My parents have quite a large amount of Tupperware and fill them up with leftovers from a party. Like many cultures, including my own, having an abundance of food and eating with the family is a big deal. At each party, all the food is laid out buffet style, with several different kinds of main dishes, salads, sides and desserts. Everyone is expected to have almost two full servings of food. The remaining food almost never goes to waste. If the gathering is just the immediate family, my sister and I will each take home several plastic containers (often empty yogurt, margarine and sour cream containers) of food. If the gathering is larger, my parents will bust out the large Ziploc freezer bags, fill them with food and give them to them guests before they leave. I guess you could say they give out food loot bags or doggy bags.
Although my parents could just easily keep the food for themselves, they would rather re-distribute them to the guests. It’s way too much food to eat for just the two of them and I’m sure they’d rather not have to eat that ham for the next five days. If you ask me, it’s a win-win situation. They get rid of the excess food and I don’t have to cook or grocery shop for the next few days. I save some time and money and I get have another helping of a certain dish I enjoyed eating so much at the party.
While taking home leftovers from family events is quite common, taking home leftovers from catered events such as weddings is not. Some people may even consider it tacky. I certainly wouldn’t. Most of the weddings I have been to, have served way more food than I can eat, plus the seafood buffet, plus the dessert buffet.
I know that because a wedding a very special occasion, most of the times, especially if it is in a banquet hall, there is an abundance of food. The couple wants the guests to enjoy themselves and be well fed. There have only been a few weddings I’ve attended that have had actually great tasting food. Most of the times, the meat was dry and the pasta tasted like something out of my high school cafeteria.
Bad tasting food aside, some banquet halls and catering businesses may have some policies about preventing guests from taking food home if it is served buffet style, due to food safety concerns or liability concerns. However, I wouldn’t see a problem with guests taking home some desserts if take out containers were provided. I had recently attended a baptism reception in a restaurant where the grandparents provided takeout containers for us to take home some desserts.
I have only worked at a banquet hall serving food to guests at a wedding one time in my life. We weren’t allowed to take food home, however we were allowed to eat the leftovers after it had been served to the guests. If the food was not served buffet style and the leftovers were put in the fridge soon after, I don’t see why the employees, guests or even the bride and groom can’t bring the food home. After all, people bring home food from restaurants all the time. Sure it may create more work for the employees, having to put the food into containers, but it prevents perfectly edible food from being thrown into the garbage!

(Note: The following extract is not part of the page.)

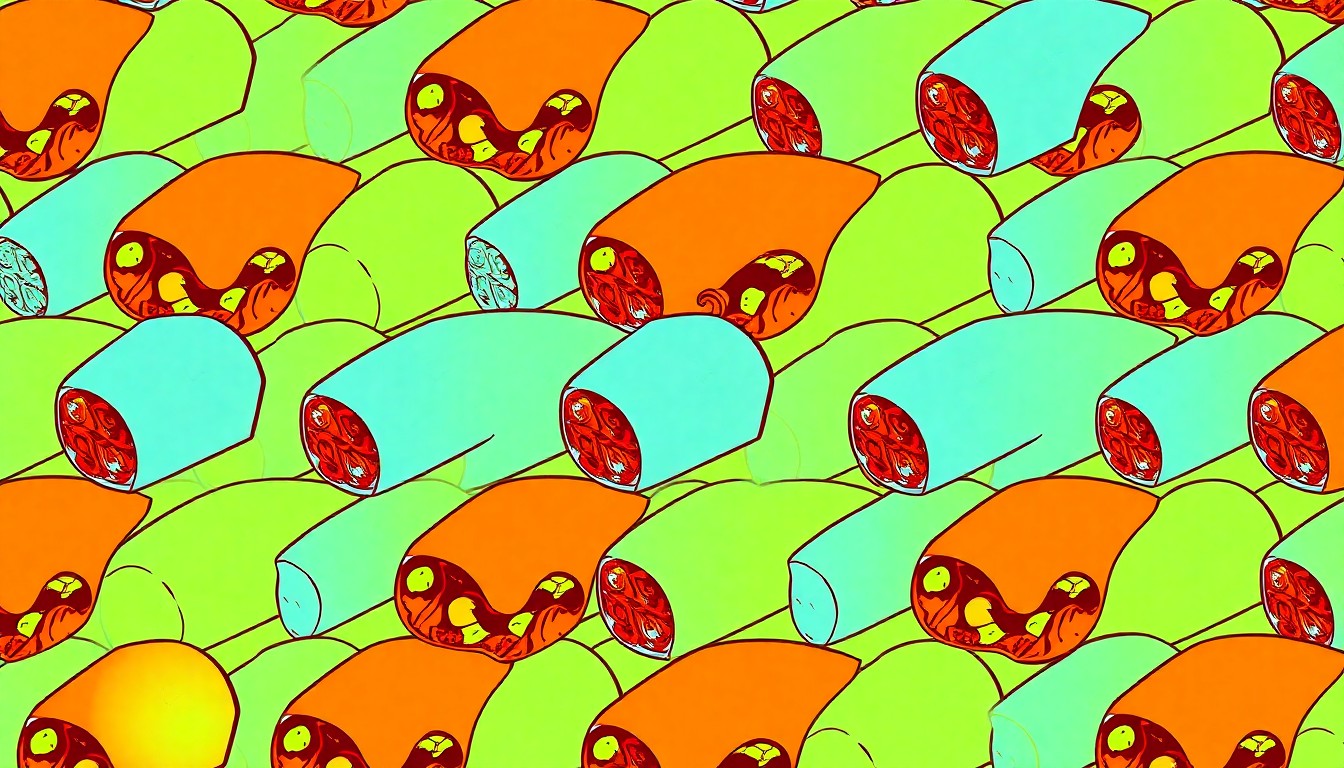 A vibrant, silkscreen-style illustration featuring a repeating pattern of a single, iconic burrito in bright, neon colors, conceptually representing the excitement and energy of a free food promotion.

I know this is not true for all banquet halls or catering companies, but I often hear about how some of them throw out all the uneaten food after the wedding. That’s SO MUCH food going to waste! Imagine how many hungry people it could feed. I often wonder why they don’t make arrangements to either deliver the food or have someone pick up the food to take it to a local shelter. Surely, the added cost if there was any wouldn’t be too much. I’m sure the people there would appreciate the extra free food. I know I would.
Would you ever take leftover food home from a wedding or shower? Why or why not?
(In all honesty, I’d rather take home the food than the sometimes useless gift you get for attending the wedding).